Exercise brief: Return the lines of the data below starting at the one holding "Hello everyone and" and ending at the one holding "The last section", word for word, leaving every picture out.

The input:

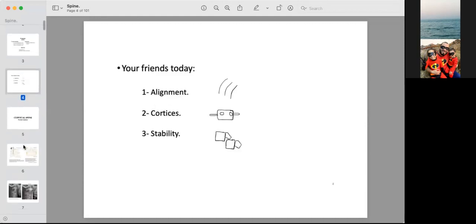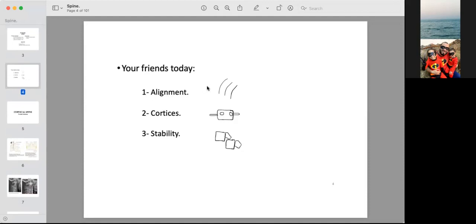Our key tool today will be the alignment of the vertebrae. In every study, there are three lines we should track: the anterior, middle, and posterior lines. We should also trace every cortex for each bone. Most importantly for emergency cases, we will check for stability and spinal cord affection.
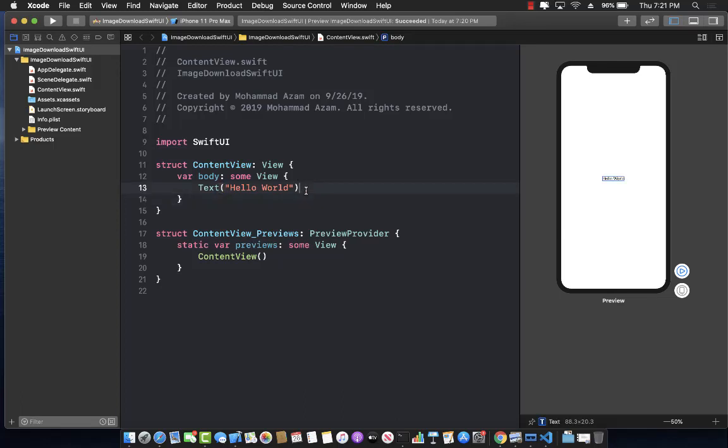Hello everyone and welcome back. In this lecture you're going to learn how you can download an image from a network URL using SwiftUI.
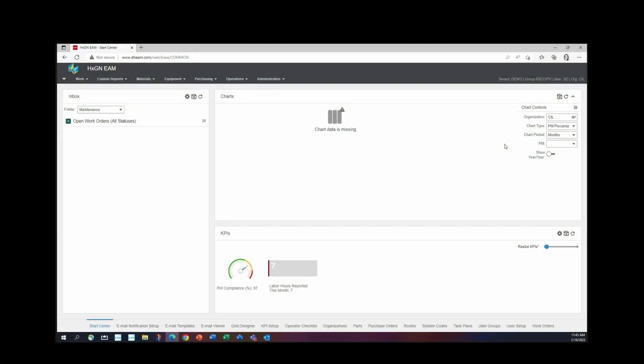The last section we're going to talk about on the Start Center is charts. As you can see, I don't have any charts set up. So let's set up a chart.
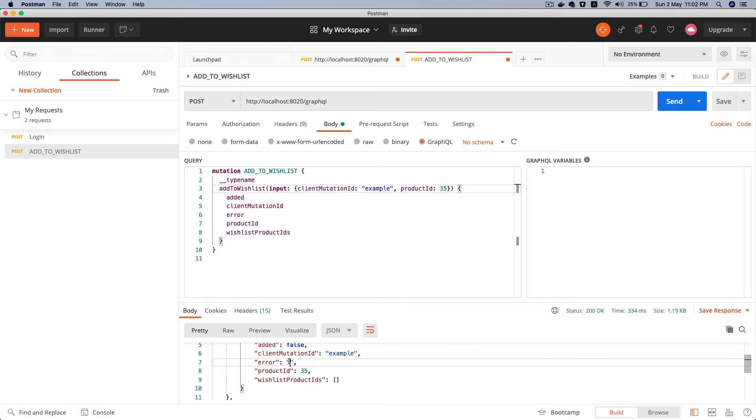And that's not what we want, right? What we really want is that if the user is not authenticated, if you're not passing the JWT, then it should not go through. So how do we do that? Well, it's pretty simple.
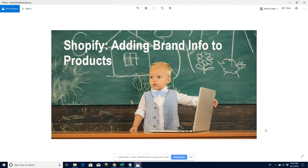Hey guys, welcome to adding brand info to products in Shopify. Don't forget to subscribe to this channel and like this video. Okay, let's get on with this.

Answer box:
Hello everyone and welcome back. In this lecture you're going to learn how you can download an image from a network URL using SwiftUI.
The last section we're going to talk about on the Start Center is charts. As you can see, I don't have any charts set up. So let's set up a chart.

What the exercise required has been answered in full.